Give back the exact lines of the material below from the one containing "You just need" through the one containing "If you'd like", and no pictures.

───── EXERCISE INPUTS ─────

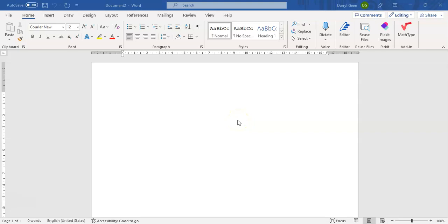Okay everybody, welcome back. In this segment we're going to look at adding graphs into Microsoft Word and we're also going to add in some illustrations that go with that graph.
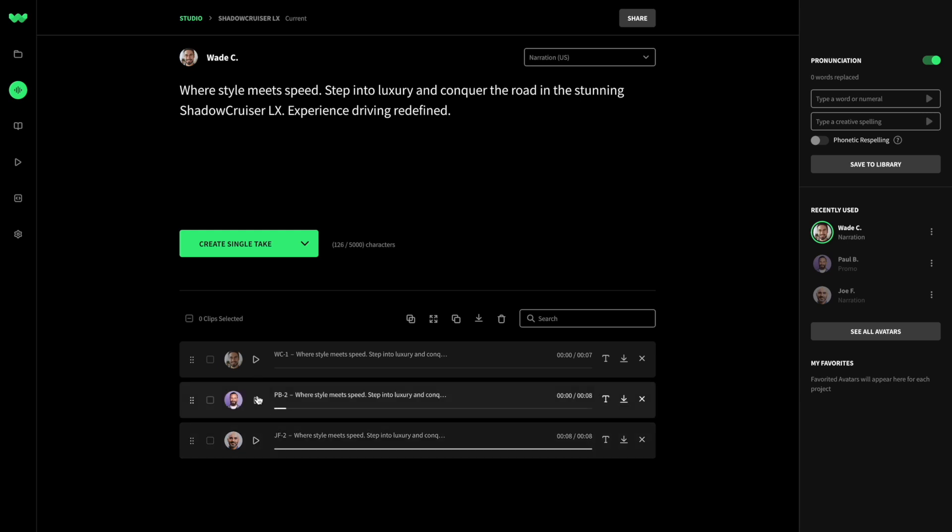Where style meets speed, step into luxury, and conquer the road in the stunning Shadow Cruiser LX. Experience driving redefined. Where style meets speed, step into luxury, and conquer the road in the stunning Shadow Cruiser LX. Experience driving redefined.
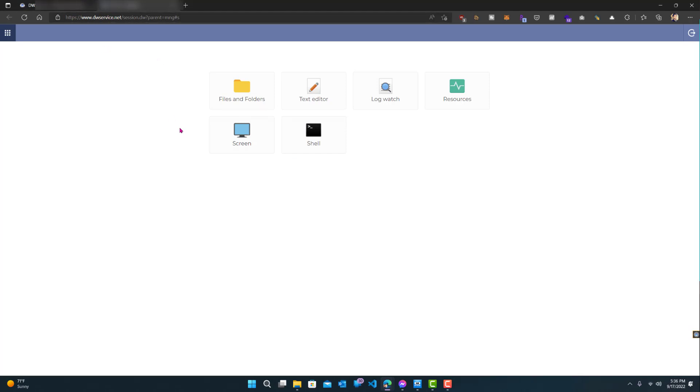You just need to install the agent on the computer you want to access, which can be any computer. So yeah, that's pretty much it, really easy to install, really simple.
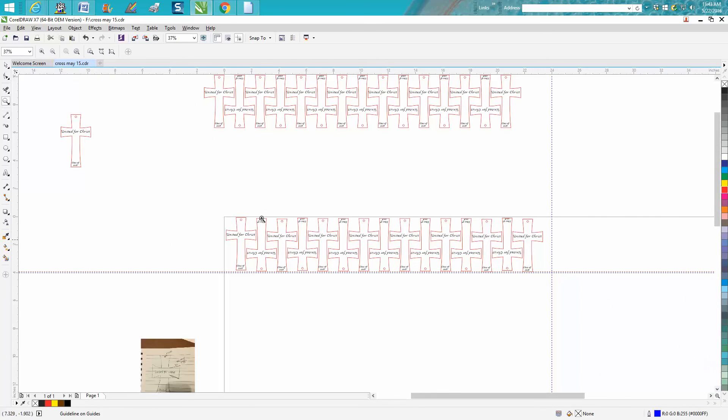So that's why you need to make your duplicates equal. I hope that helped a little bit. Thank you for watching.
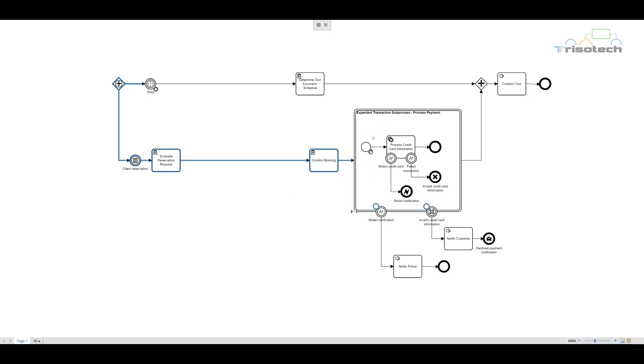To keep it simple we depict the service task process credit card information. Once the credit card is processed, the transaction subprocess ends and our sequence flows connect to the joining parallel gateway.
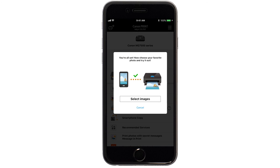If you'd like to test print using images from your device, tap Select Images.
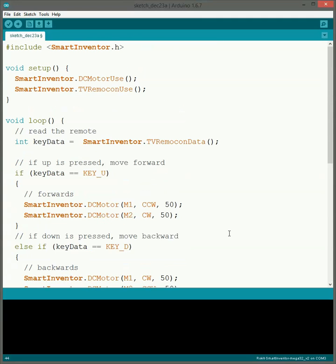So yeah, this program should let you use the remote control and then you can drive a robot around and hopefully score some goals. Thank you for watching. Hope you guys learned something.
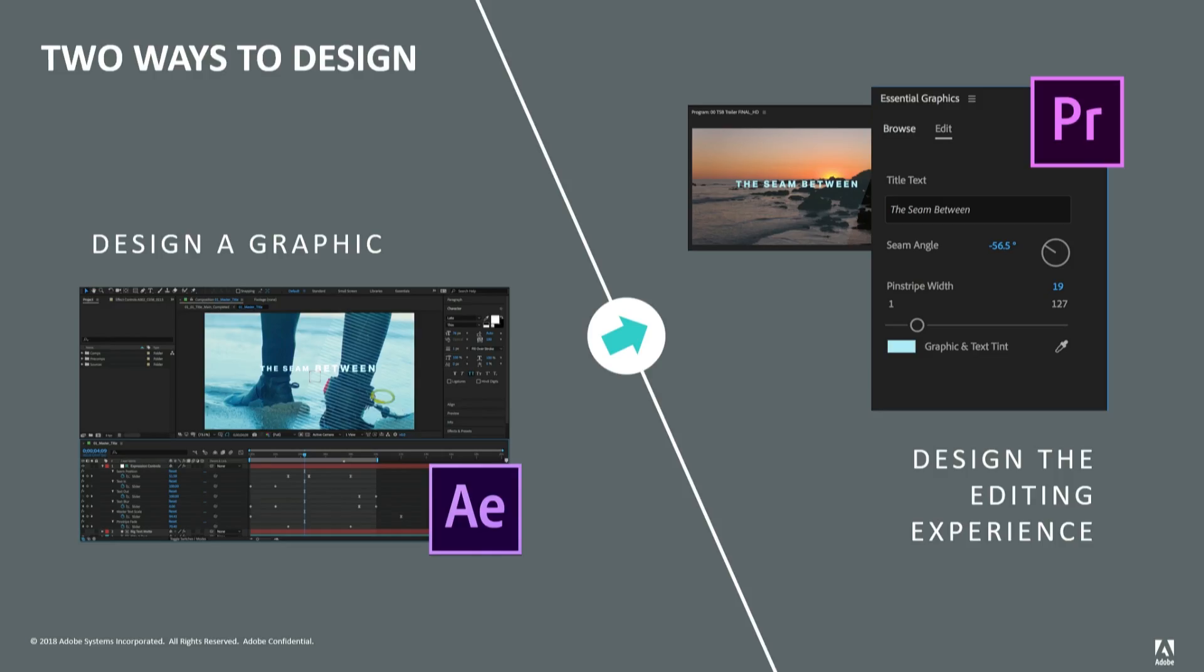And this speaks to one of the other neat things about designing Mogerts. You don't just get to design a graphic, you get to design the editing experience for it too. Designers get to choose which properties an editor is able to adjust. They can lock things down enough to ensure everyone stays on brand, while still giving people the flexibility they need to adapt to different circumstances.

─────

▶ RESPONSE AREA:
You just need to install the agent on the computer you want to access, which can be any computer. So yeah, that's pretty much it, really easy to install, really simple.
So that's why you need to make your duplicates equal. I hope that helped a little bit. Thank you for watching.
To keep it simple we depict the service task process credit card information. Once the credit card is processed, the transaction subprocess ends and our sequence flows connect to the joining parallel gateway.
If you'd like to test print using images from your device, tap Select Images.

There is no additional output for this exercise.